Keen as she is to hit fashion headlines however, we were distracted from Roisin by dresses of finely gathered pale chiffon panels that had vertical shelves of tulle busting from them in bright purple or green.
The dresses themselves were cleverly constructed and attractive, while bulbous masses of closely ruffled layers of tulle colour were typical V&R eccentricity.
Tuxedo dresses with studded shoulders were swallowed up on one side by more waves of tulle, while strapless dresses that were possibly some of this label's most wearable ever had horizontal shelves of turquoise growing out of the hem.
When they weren't playing to their theme, they produced casual nude silk jersey dresses that were voluminous at the back and drawn in to a belt at the front and had peach and lavender appliqué flowers scattered over them.

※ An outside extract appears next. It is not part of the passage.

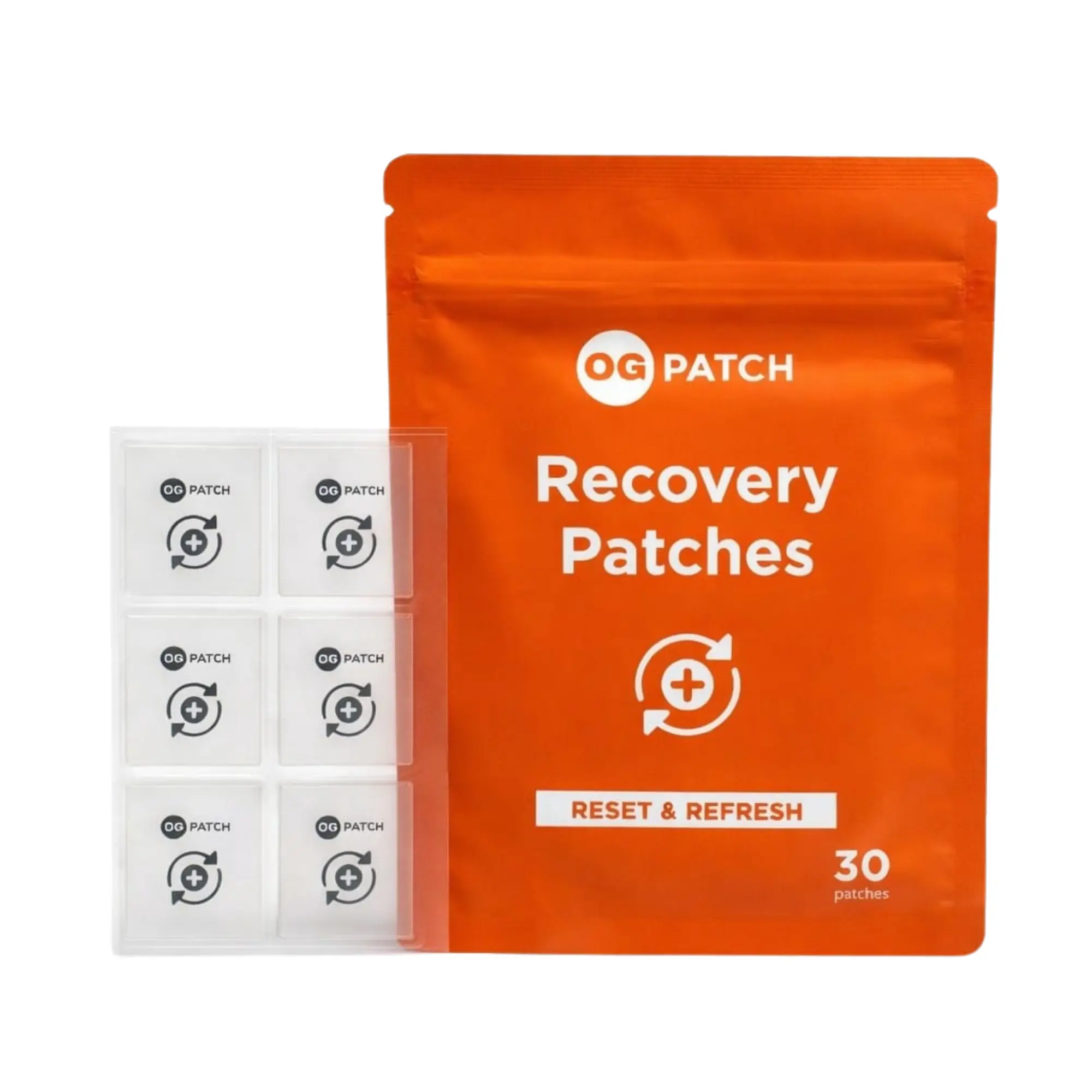OGPATCH Reset Patch — Refresh & Balance Routine — Wearable Self-Care — No Pills Needed (30 Patches)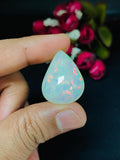 Ethiopian Opal Pear Cabs 27x21 mm size Code #A27 - Weight 21.45 cts AAAA Quality Ethiopian Opal Cabochon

High-waisted silk trousers that were slinky and full until their tapered ankles came with elegant matching blouses with studded shoulders, while the underwear trend came in to its own when appliquéd silk shorts and vests came under cream silk dressing gowns edged in black.
It was more romantic - think heels smothered in pink silk roses - and calmer than we're used to from this pair who have in the past been considered fashion reprobates, but it was most interesting when the flamboyant tulle ruffles were pared down to act as an afterthought in black on a pretty dress of grey pleated chiffon combined with a side panel of white sequins.
It's a mistake to dwell on the wearability of a Viktor & Rolf collection though, and it was the final statement-making dresses that really allowed us to see the designers' construction skills.
The bulbous skirt of a coral robe had bites out of it to reveal the many layers it was made up of, while another gravity-defying version was missing a horizontal slice of skirt.
It was a step away from the Viktor & Rolf we're used to and, as such, was a clever display of their fashion versatility while maintaining their love of showing off.
Why hasn't Viktor & Rolf driven into Couture yet? Their collection this season involved ruffles in chiffon and silk, and underwear as outerwear. A similarity to Dior was also present with the silk shorts. I think Spring Summer 2010 has some more definitive trends coming about, rather than wishy washy trends that have come about this season.